* [Work item]: Return the lines of the listing below exactly as they appear, beginning at the one with "Picture 7 of 8" and stopping after the one with "Пистолет для герметика"; do not include pictures.

* [Provided data]:
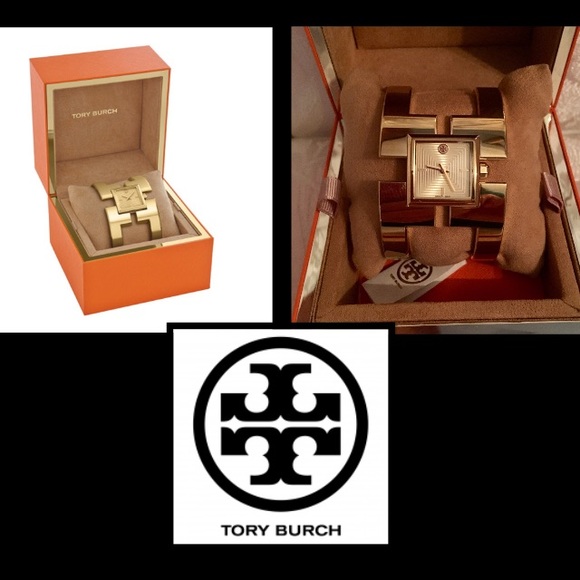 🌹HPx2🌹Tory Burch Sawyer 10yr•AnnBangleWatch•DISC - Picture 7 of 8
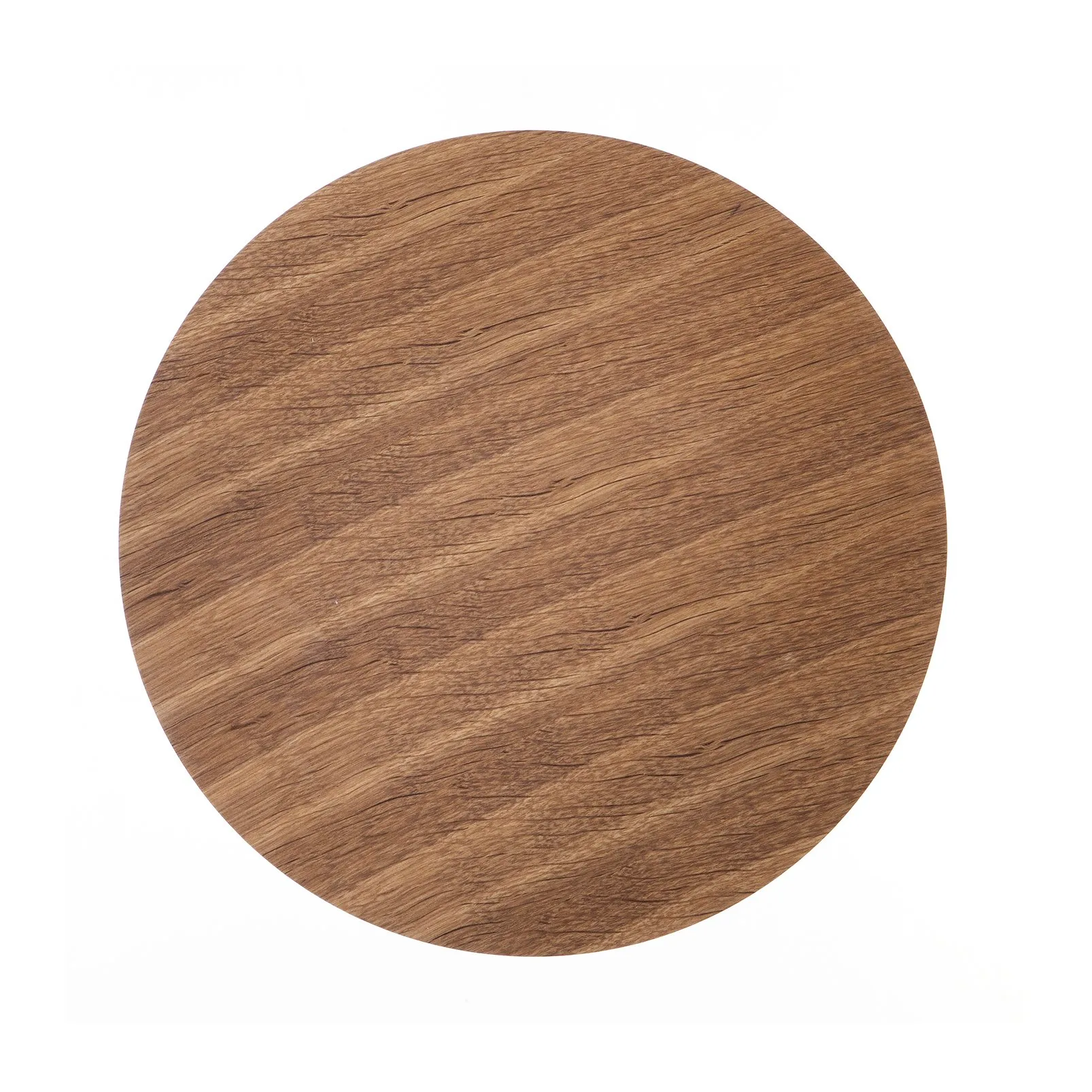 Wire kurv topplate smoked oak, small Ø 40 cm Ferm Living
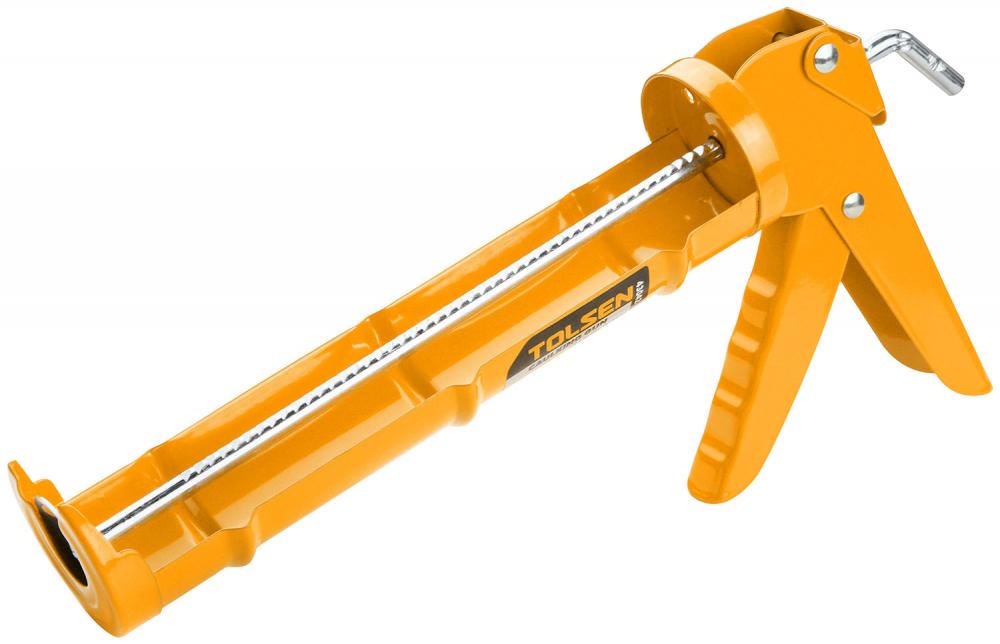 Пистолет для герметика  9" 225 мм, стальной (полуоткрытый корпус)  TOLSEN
...
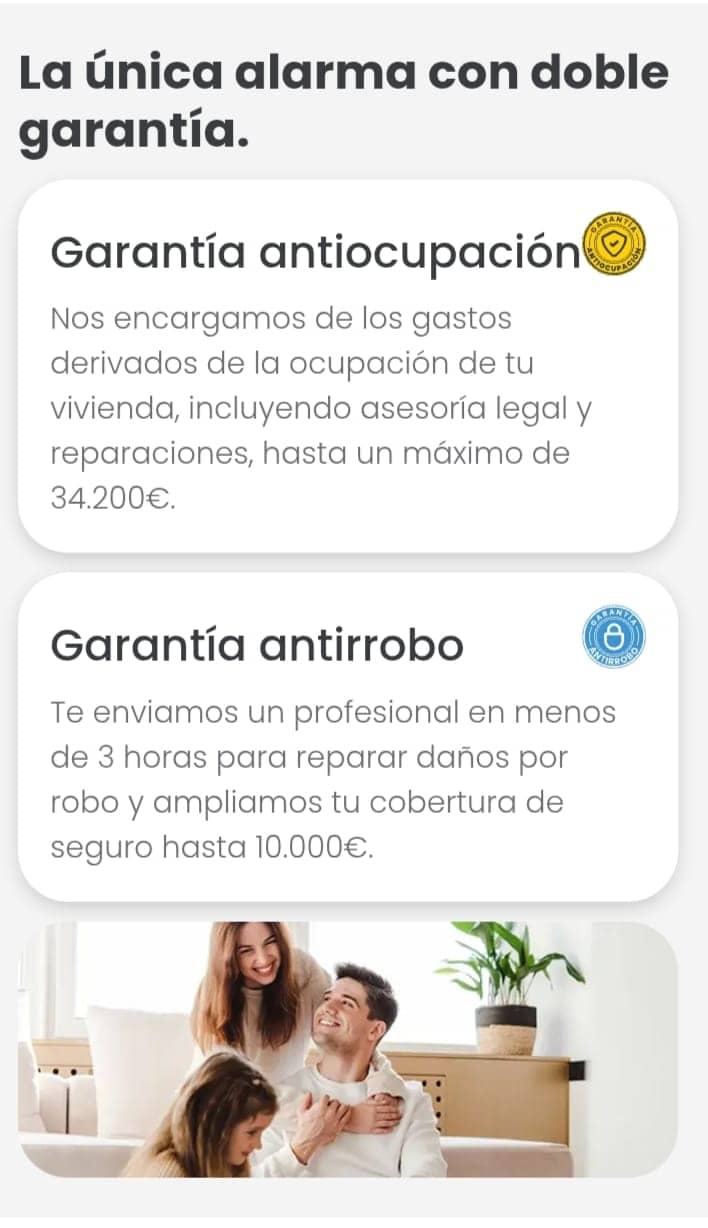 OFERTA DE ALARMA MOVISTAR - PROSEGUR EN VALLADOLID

* [Task result]:
 🌹HPx2🌹Tory Burch Sawyer 10yr•AnnBangleWatch•DISC - Picture 7 of 8
 Wire kurv topplate smoked oak, small Ø 40 cm Ferm Living
 Пистолет для герметика  9" 225 мм, стальной (полуоткрытый корпус)  TOLSEN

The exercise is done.